The dream always starts the same way. Dozens of us are swimming furiously away from a hungry predator. Don't ask me how I know this, but in the dream, I am a small aquatic animal. From the colour of of my limbs and the markings on the others swimming so hard with me; it looks as if we are newts. It would have been more satisfying somehow to be reincarnated as something higher up the food chain, but, there you have it. Going back to the dream and the pursuit I am swimming as if my life depended on it and having, it seems, to work harder than the others being hunted by this larger animal. Every now and then something really shocking happens: the predator opens its mouth and snaps off someone's limb.The howls of agony pierce the water. Amazingly I am aware this has already happened to me as I can see I am missing my front left leg. I understand why keeping up with the main group of swimmers has been tough. Eventually, we lose the voracious killer. We slow down as we reach the pond weeds and stop to assess the wounds inflicted by the attacker. A number have lost one or more limbs, others, the smaller ones, are missing altogether: eaten alive by the cruel monster. What to do? No words are exchanged and instinctively we swim slowly to see Sal. Sal is the largest of our kind and came into our waters with the new rains. Sal is a salamander and it is not long before he starts to sing. In a tenor-like voice his calming song heals:
" Don't be afraid, you are out of the storm.

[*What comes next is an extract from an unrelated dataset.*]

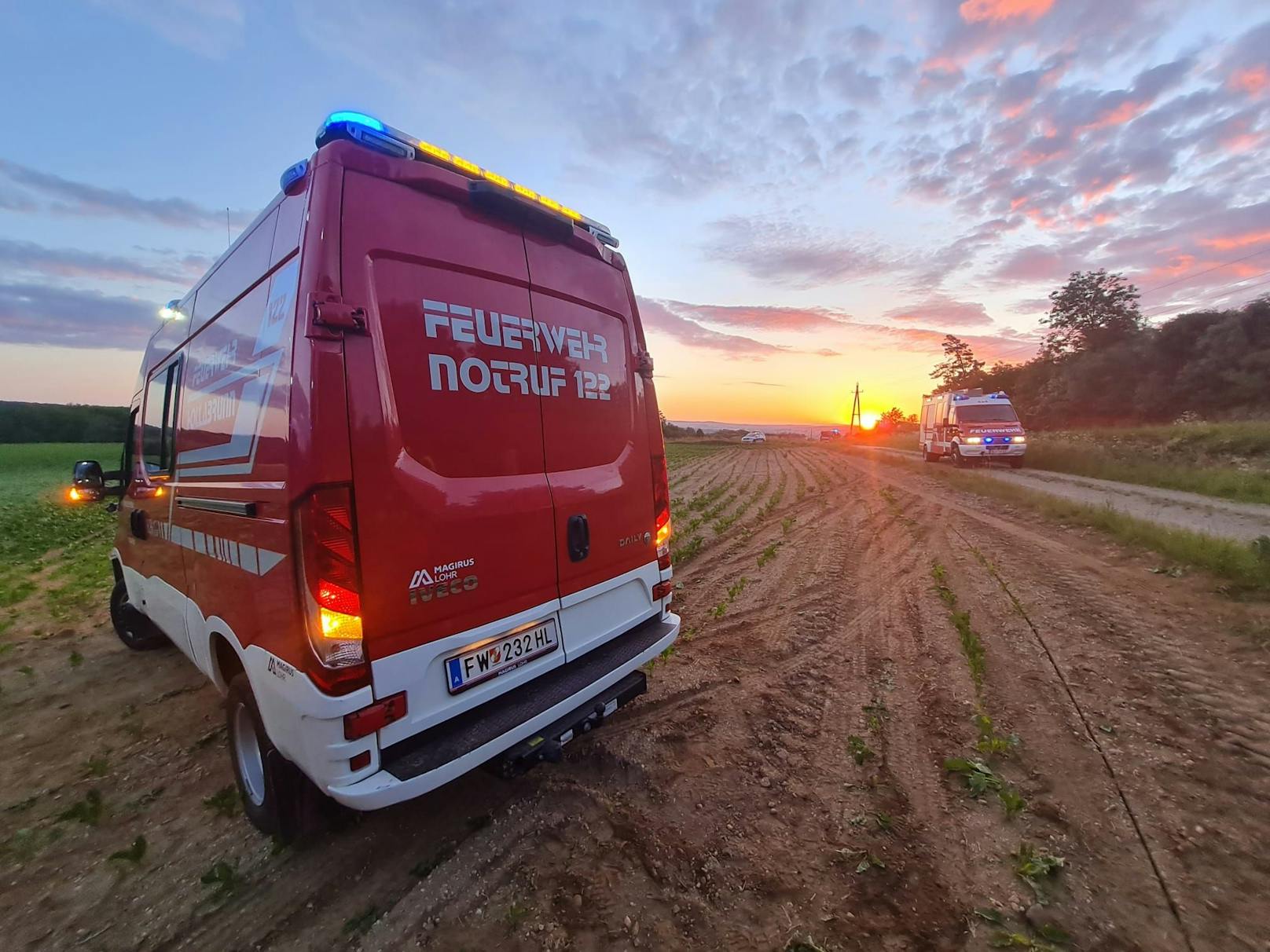 Die Feuerwehr kümmerte sich um den Lenker.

You will re-grow, you will re-form."
And that is how I realise I am dreaming and that it's not for real. But after the scary experience with the killer, floating gently and listening to Sal is wonderfully relaxing. Then, as if by magic, the stump on my left side begins to extend itself. Sal continues to sing and passes by each of us repeating the healing words. My joy is palpable and I begin to swim, slowly at first, around the weeds with my limb fully restored. I always wake up elated and the first thing I look at is my left arm. It looks remarkably similar to how it looked before I fell asleep. Tanned following a very hot July with an obvious paler part where my watch strap has been fastened to my wrist. The dream is not really about my arm and this is the bit where reality kicks in rather quickly. I look along my arm to my left shoulder and then across to the left side of my upper body and see an area damaged by surgery that has not re-grown. With everything else that has been going on I have not really understood a deep-rooted need to restore my appearance to how it was. More than once, I try to fall asleep, desperate to re-join Sal and the others. If only Sal had the power to heal me after I metamorphose back to my human form. I do not know how exactly I can restore my shape or whether I will have the courage to do what it takes. For the first time in almost eight months I think of my surgeon.